If your family is like ours in the run-up to the school holidays, there can be something of a scramble to find activities (as well as copious snacks) to keep small people occupied. For people on lower incomes, things can be more difficult.
Social mobility academics also regularly identify that what happens out of school is a big factor in differences in outcomes for children of different backgrounds. For some children, holidays are a time of discovery and cultural enrichment while for others sadly they are not.
In recognition of this, the Department for Education created the ‘Holiday Activity & Food’ (or HAF for short) programmes, initially in the summer. These are kids’ clubs, free to qualifying lower-income families, run by different providers, organised by local authorities, and funded by central government.
It has been great to visit East Hants HAF sessions, and see the variety of what is on offer. This year HAF has run in the Easter holidays as well, and I recently visited a school in Southampton to see it in action.

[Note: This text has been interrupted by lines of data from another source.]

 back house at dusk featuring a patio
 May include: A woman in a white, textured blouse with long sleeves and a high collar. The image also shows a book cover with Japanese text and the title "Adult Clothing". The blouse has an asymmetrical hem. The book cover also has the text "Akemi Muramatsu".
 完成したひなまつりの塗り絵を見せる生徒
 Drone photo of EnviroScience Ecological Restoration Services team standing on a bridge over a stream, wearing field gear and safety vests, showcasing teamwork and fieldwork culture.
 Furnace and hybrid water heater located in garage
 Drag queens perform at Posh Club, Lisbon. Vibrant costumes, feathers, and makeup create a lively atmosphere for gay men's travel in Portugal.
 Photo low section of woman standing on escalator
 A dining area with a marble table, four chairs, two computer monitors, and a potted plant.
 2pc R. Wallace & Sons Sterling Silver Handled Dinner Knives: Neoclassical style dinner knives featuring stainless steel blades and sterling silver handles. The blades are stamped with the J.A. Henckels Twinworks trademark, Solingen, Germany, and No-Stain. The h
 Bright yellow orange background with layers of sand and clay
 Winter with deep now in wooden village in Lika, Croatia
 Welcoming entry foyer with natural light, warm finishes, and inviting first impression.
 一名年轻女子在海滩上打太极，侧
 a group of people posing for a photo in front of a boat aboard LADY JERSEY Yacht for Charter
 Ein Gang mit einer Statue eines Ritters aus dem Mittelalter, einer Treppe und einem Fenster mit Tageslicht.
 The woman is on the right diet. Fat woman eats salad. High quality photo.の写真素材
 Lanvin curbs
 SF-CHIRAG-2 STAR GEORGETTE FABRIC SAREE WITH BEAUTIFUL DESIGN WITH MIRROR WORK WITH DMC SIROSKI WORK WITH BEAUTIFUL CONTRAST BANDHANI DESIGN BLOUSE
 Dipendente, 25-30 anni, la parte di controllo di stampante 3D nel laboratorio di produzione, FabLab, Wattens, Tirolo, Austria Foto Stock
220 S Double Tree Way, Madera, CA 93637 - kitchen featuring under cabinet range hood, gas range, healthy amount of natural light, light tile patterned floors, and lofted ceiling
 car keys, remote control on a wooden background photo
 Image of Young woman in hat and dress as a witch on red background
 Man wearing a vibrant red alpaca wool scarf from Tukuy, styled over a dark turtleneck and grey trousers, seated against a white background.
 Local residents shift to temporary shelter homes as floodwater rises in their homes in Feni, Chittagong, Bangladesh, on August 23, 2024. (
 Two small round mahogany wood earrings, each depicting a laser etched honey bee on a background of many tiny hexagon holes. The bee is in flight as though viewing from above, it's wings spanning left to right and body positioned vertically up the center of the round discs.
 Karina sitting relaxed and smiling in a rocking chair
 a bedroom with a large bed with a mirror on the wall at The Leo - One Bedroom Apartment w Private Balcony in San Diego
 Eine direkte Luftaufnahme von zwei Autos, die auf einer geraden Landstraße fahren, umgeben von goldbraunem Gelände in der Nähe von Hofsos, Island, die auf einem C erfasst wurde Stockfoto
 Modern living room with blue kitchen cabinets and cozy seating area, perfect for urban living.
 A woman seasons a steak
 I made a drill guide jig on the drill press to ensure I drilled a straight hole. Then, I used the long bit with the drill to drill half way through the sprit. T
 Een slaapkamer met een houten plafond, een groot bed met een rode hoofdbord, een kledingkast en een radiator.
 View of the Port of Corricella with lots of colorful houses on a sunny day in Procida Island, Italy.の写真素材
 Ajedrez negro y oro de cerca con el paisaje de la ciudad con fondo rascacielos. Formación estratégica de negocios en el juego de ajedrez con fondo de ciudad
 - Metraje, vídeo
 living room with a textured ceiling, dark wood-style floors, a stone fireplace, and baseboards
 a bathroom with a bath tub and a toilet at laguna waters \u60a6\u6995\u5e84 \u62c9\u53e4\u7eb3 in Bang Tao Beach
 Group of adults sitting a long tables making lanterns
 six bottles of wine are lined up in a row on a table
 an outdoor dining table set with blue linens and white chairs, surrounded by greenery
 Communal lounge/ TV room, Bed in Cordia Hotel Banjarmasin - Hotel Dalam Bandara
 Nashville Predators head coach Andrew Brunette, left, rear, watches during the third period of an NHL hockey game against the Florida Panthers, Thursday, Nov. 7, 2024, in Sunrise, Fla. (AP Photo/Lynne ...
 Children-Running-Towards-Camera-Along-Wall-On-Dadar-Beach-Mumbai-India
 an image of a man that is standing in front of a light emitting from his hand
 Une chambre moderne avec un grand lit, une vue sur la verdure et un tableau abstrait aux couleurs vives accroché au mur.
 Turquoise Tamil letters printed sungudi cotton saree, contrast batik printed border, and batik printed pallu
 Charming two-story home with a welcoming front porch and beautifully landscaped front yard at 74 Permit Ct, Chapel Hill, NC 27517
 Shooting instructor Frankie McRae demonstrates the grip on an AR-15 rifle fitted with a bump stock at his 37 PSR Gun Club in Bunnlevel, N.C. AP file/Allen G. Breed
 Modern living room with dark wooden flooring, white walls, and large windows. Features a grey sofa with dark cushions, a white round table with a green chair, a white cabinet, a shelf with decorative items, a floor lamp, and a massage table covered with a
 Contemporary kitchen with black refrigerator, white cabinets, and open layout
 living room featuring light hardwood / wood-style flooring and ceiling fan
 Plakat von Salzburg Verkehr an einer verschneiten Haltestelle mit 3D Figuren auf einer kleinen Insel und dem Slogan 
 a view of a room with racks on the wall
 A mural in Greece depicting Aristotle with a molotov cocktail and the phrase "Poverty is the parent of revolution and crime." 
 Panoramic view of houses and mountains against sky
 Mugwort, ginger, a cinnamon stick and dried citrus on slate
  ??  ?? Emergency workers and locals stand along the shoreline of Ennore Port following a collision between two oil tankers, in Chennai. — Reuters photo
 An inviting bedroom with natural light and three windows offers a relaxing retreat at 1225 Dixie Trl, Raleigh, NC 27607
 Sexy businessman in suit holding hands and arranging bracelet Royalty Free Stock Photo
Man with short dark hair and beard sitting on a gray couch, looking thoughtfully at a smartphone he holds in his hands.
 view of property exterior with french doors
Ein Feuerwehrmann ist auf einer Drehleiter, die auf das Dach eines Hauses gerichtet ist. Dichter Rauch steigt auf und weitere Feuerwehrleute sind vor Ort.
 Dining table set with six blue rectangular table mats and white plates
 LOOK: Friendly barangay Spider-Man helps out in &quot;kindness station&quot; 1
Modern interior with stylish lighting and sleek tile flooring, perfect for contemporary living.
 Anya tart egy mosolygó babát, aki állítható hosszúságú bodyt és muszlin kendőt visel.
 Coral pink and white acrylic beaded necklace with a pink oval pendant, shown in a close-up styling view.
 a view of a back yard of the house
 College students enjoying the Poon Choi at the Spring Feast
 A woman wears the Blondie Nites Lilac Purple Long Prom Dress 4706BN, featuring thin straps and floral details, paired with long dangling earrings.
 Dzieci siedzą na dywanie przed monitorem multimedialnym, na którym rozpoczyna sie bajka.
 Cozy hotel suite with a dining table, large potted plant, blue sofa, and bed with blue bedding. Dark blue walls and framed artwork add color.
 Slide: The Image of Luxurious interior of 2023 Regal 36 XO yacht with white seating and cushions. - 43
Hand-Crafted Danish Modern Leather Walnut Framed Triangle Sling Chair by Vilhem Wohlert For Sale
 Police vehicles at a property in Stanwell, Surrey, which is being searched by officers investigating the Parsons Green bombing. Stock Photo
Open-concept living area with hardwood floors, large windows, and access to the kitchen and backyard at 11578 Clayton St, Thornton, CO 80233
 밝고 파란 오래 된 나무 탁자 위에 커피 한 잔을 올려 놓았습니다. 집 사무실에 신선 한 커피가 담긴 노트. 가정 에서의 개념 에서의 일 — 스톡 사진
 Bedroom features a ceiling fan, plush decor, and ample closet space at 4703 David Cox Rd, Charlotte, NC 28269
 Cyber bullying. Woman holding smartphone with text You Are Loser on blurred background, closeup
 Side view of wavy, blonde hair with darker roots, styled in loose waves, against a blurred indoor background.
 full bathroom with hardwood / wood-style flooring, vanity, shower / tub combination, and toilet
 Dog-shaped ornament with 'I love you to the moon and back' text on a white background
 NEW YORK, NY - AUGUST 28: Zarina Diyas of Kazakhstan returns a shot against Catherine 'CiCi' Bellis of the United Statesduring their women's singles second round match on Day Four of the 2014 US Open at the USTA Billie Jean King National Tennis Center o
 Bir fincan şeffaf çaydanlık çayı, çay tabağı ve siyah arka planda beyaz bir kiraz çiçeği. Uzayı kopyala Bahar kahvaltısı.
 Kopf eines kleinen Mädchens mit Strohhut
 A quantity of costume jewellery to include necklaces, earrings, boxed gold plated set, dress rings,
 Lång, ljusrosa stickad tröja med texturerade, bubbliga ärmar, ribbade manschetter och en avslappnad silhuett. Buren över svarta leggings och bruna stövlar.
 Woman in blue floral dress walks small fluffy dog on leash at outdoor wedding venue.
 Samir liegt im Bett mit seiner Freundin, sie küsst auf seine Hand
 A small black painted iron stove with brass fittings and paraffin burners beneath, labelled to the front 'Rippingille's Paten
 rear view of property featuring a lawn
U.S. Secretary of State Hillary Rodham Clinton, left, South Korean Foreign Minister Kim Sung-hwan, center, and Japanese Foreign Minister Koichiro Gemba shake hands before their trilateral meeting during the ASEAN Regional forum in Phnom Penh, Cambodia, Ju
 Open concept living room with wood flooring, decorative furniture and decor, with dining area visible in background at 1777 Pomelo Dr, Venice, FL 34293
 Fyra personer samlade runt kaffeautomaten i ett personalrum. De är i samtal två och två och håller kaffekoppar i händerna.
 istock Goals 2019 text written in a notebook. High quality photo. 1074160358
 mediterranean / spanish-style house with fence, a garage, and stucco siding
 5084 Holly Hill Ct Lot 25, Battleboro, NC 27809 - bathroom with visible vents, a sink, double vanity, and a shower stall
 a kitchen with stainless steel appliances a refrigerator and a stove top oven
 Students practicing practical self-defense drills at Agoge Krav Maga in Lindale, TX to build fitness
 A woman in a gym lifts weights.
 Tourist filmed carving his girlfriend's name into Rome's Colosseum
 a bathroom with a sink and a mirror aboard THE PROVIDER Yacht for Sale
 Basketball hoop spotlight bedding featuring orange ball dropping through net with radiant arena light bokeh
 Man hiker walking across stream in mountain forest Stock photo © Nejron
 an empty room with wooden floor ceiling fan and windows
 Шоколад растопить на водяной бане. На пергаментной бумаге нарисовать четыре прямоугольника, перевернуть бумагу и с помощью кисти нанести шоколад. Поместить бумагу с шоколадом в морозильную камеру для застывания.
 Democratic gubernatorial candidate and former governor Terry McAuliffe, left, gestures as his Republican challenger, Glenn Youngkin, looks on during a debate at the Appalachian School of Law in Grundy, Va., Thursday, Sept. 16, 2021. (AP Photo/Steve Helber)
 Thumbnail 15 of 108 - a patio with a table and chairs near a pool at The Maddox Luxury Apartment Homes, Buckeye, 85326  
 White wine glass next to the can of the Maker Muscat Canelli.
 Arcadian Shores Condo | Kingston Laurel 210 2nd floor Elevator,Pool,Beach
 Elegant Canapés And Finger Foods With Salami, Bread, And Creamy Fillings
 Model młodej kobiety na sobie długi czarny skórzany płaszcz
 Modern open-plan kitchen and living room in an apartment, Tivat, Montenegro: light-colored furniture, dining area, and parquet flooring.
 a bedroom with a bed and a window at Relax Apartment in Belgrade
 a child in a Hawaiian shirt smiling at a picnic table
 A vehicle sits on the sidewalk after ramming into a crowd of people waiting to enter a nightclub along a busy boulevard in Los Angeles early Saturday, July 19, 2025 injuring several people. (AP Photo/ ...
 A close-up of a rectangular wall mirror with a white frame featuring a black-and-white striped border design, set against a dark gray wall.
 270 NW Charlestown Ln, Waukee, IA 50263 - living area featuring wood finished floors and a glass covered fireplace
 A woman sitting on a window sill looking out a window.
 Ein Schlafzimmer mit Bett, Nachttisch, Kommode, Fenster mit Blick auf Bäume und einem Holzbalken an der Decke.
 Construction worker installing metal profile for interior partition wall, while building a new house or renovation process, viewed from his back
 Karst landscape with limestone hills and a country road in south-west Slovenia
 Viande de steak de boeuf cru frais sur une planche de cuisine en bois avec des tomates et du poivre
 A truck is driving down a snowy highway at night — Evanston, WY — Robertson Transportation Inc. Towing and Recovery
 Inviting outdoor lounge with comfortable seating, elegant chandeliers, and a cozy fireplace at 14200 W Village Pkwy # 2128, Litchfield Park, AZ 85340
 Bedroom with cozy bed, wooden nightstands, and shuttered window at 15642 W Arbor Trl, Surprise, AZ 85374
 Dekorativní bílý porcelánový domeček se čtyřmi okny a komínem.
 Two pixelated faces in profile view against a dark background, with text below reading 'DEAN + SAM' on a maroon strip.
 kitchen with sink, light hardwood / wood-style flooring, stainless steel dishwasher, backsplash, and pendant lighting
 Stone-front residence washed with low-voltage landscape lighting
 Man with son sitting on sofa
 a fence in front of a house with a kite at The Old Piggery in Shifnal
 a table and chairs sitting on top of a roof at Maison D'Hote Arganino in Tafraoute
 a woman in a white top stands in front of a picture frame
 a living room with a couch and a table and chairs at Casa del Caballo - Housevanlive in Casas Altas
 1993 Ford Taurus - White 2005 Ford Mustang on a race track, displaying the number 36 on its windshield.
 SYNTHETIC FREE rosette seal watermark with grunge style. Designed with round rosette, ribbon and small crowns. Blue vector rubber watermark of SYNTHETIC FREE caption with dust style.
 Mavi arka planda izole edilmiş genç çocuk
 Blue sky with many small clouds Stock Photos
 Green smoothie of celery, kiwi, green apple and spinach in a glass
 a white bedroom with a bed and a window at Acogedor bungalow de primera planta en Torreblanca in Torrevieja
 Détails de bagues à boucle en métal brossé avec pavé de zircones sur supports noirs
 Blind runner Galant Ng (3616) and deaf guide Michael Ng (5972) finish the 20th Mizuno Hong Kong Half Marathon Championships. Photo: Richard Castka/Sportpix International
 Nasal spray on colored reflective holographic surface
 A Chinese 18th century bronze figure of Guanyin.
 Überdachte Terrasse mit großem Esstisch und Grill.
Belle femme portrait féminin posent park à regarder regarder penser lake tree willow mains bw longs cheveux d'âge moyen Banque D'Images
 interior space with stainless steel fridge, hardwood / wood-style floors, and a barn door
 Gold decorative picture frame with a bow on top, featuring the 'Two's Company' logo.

A central feature of HAF, as the name suggests, is a nutritious meal alongside the activities. Many HAF programmes also include sessions on food preparation.
At the Southampton club, coaches from Hampshire’s ‘Southern Brave’ offer sessions on the basics of cricket – and you can join a cookery masterclass with a past Masterchef winner.
In East Hampshire, this Easter holidays, there were HAF spaces for up to 600 children.
Locally, Building 94 in Bordon is now the home to ‘Creative Form’ which has created a space for young people aged 11 to 16 to try their hand at creative arts and group cookery sessions as well as off-site activities including climbing, caving and canoeing.
These holiday activities can be really helpful for the development, health and well-being of children and young people who wouldn’t otherwise be able to get that opportunity. It helps keep children active, and from an education perspective, keeps the good work achieved during term time going.
It is also a real help to parents, of course – firstly by presenting their children with that opportunity and being constructively engaged, and trying out new things.
But it also helps support parents in their own work, one of a number of initiatives that assist on that.
The highest-profile of these is the large extension we are making to childcare entitlements for pre-schoolers. You can reclaim up to 85 per cent of childcare costs through Universal Credit.
There are also now 775 breakfast club places in East Hants, and the government is increasing availability of after-school care in primaries from September.